WHAT THE EXERCISE ASKS =>
Return exactly the lines from the one containing "Lord I Need You" through the last line of the records below, both included, and leave out any pictures.

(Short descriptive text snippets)
=-=-=-=-=
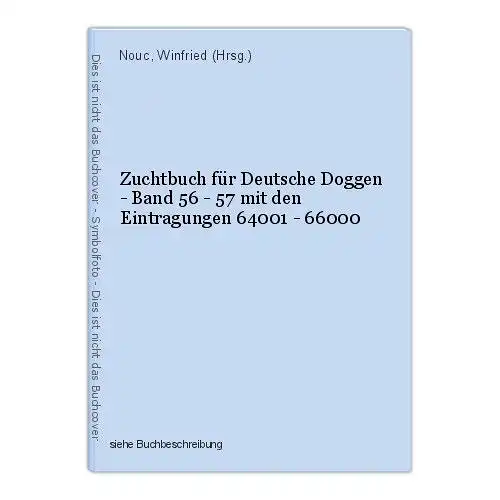 Zuchtbuch für Deutsche Doggen - Band 56 - 57 mit den Eintragungen 64001 - 66000
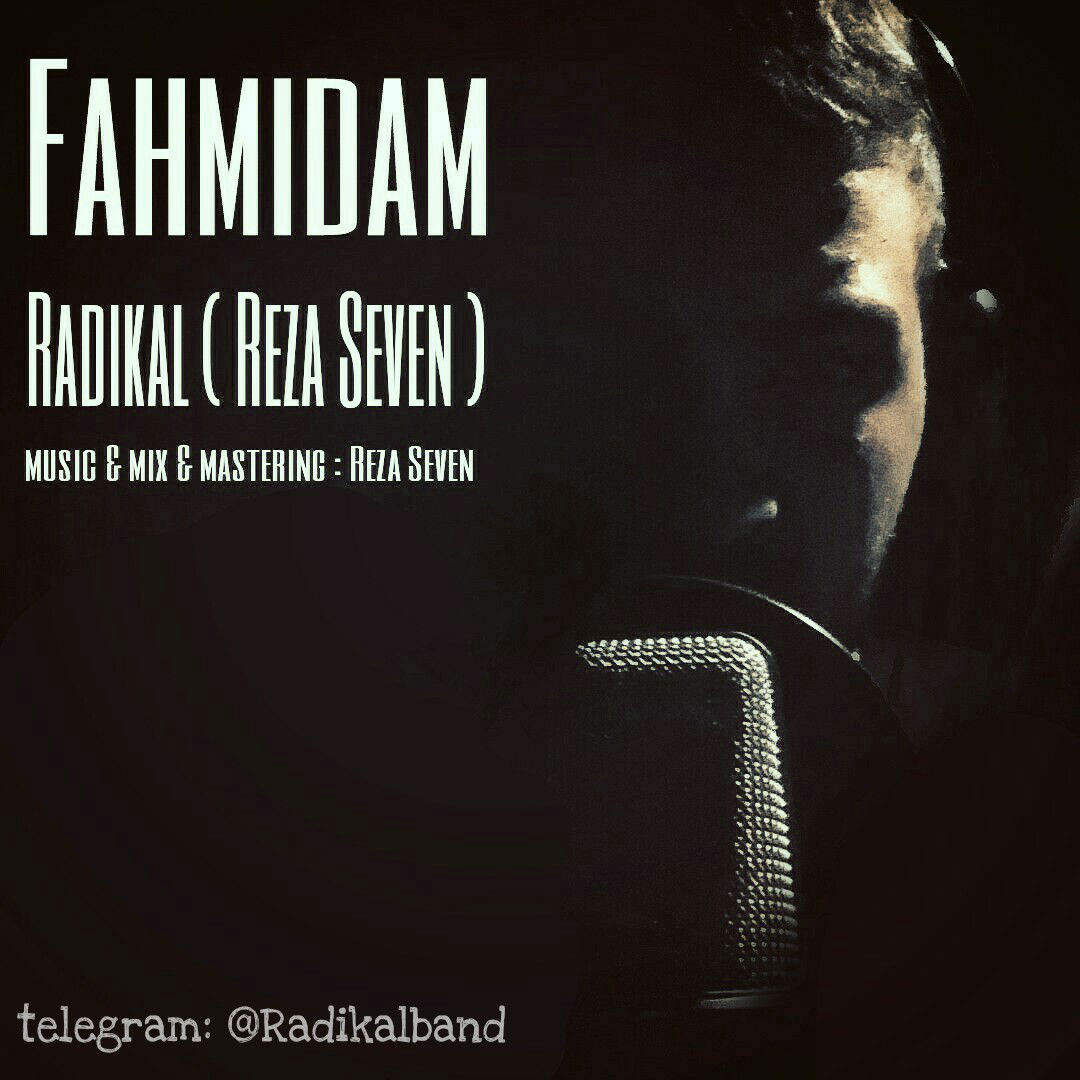 Radikal (Reza Seven) - Fahmidam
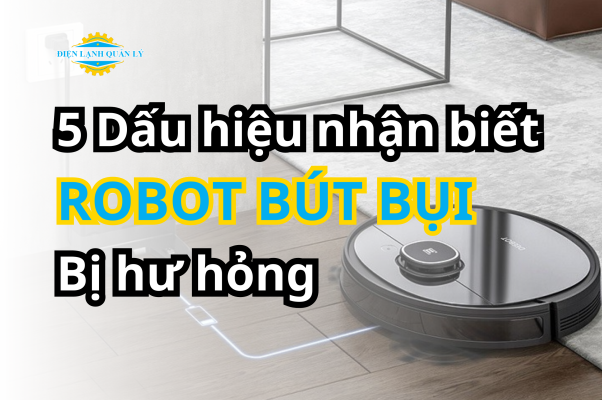 Dấu hiệu nhận biết robot hút bụi bị hỏng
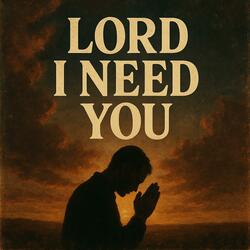 Lord I Need You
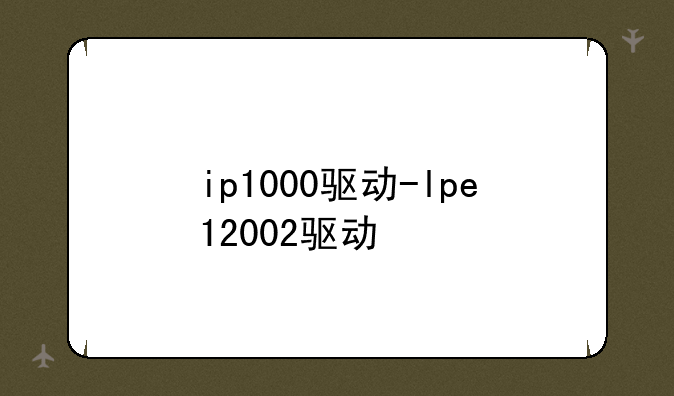 ip1000驱动-lpe12002驱动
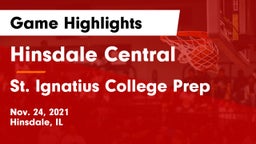 Hinsdale Central  vs St. Ignatius College Prep Game Highlights - Nov. 24, 2021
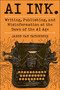 AI Ink. (Writing, Publishing, and Misinformation at the Dawn of the AI Age) by Jason Van Tatenhove, 9781510783188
=-=-=-=-=
RESULT OF THIS EXERCISE =>
 Lord I Need You
 ip1000驱动-lpe12002驱动
 Hinsdale Central  vs St. Ignatius College Prep Game Highlights - Nov. 24, 2021
 AI Ink. (Writing, Publishing, and Misinformation at the Dawn of the AI Age) by Jason Van Tatenhove, 9781510783188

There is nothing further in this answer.